WORK INSTRUCTION — From the line that contains "map of restaurants, bars, coffee" to the end of the entries, write out every line exactly, including both ends, and nothing more.

Caption-style text data:

/---

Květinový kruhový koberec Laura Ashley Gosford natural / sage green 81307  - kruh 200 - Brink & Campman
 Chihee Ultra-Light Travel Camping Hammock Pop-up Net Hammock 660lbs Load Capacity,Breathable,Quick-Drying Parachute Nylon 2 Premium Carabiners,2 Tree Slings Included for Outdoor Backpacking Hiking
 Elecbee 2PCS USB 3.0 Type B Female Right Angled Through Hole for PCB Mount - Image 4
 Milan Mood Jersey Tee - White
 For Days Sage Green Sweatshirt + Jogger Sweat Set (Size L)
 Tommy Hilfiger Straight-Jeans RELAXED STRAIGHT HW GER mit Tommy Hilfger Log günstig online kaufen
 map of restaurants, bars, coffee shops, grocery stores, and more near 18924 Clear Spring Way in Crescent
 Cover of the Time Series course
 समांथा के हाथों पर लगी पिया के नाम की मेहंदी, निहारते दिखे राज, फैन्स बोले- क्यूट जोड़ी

\---

OUTPUT FOR THIS TASK —
 map of restaurants, bars, coffee shops, grocery stores, and more near 18924 Clear Spring Way in Crescent
 Cover of the Time Series course
 समांथा के हाथों पर लगी पिया के नाम की मेहंदी, निहारते दिखे राज, फैन्स बोले- क्यूट जोड़ी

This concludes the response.